BMW and its main rival from Germany, Daimler, decided to join forces a while back and develop some alternatives to more traditional ways of getting around town. Along with three other companies, the two giants set up FreeNow, a ride-hailing app that’s rivaling companies like Uber and Bolt in a lot of places around Europe. And while initially FreeNow was doing great, the pandemic put a halt in its development. Uber apparently is interested in taking over its operations, according to a new report.
The issues started for FreeNow recently, when the company struggled to raise capital, according to sources quoted by Automotive News. That would be a quite likely scenario, as the pandemic outbreak forced a lot of people to review their way of life and even more had to work from home, making ride-hailing a bit redundant. Nevertheless, the market is recovering as more people start to move around more often but issues are still plaguing the entire segment.
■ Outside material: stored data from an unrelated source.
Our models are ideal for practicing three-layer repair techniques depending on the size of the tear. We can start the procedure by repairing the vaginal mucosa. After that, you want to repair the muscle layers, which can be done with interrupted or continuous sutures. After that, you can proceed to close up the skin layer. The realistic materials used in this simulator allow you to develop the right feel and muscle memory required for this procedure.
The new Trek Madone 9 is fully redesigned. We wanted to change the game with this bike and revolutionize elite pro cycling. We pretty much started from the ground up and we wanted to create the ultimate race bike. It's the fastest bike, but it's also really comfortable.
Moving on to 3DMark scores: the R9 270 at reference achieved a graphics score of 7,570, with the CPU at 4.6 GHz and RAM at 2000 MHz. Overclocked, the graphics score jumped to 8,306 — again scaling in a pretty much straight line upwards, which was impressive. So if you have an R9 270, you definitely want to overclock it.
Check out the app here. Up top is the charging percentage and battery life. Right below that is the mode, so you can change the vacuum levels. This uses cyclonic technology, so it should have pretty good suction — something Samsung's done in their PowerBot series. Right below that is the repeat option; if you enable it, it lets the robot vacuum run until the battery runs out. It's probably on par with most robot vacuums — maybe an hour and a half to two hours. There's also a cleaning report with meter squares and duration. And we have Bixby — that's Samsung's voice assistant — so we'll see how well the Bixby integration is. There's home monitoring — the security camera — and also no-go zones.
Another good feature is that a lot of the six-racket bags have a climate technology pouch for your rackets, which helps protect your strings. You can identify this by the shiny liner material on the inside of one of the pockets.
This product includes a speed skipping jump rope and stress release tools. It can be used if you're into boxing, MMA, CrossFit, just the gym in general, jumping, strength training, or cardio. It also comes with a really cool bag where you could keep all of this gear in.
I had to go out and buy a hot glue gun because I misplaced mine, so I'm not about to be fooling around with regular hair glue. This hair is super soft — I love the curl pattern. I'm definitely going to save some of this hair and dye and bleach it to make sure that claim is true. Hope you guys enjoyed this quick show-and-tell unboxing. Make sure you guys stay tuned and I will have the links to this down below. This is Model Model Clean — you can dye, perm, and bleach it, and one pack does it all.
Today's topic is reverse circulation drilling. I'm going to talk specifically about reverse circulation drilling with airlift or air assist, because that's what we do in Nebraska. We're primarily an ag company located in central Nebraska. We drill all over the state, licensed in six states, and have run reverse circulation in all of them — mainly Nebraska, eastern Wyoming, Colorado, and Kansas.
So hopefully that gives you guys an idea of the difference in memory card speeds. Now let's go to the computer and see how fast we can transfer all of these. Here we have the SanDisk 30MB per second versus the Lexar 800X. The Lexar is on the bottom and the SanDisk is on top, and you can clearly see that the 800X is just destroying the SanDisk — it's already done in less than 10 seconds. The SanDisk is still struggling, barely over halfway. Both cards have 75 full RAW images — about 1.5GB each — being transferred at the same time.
Even though no official confirmation came from Uber or BMW/Daimler about discussions being carried out regarding the potential sale of FreeNow, we’re also missing a denial which means things are in motion. The main issue in this regard could be setting a price, as the ride-hailing segment is very volatile right now. From the available data, FreeNow apparently brought in 2.5 billion euros last year and was hoping to reach 8 billion in 2022 but obvious those plans are now gone, due to the Coronavirus outbreak.
The move would make sense for BMW and Daimler who have admitted in the past that making money from ride-hailing and mobility services proved tricky in the past. They are probably going to shift focus back to what they know best: car making. They wouldn’t be the only ones either. GM and Ford have also pulled back on their car-sharing business this year and back in 2019, for the same reasons.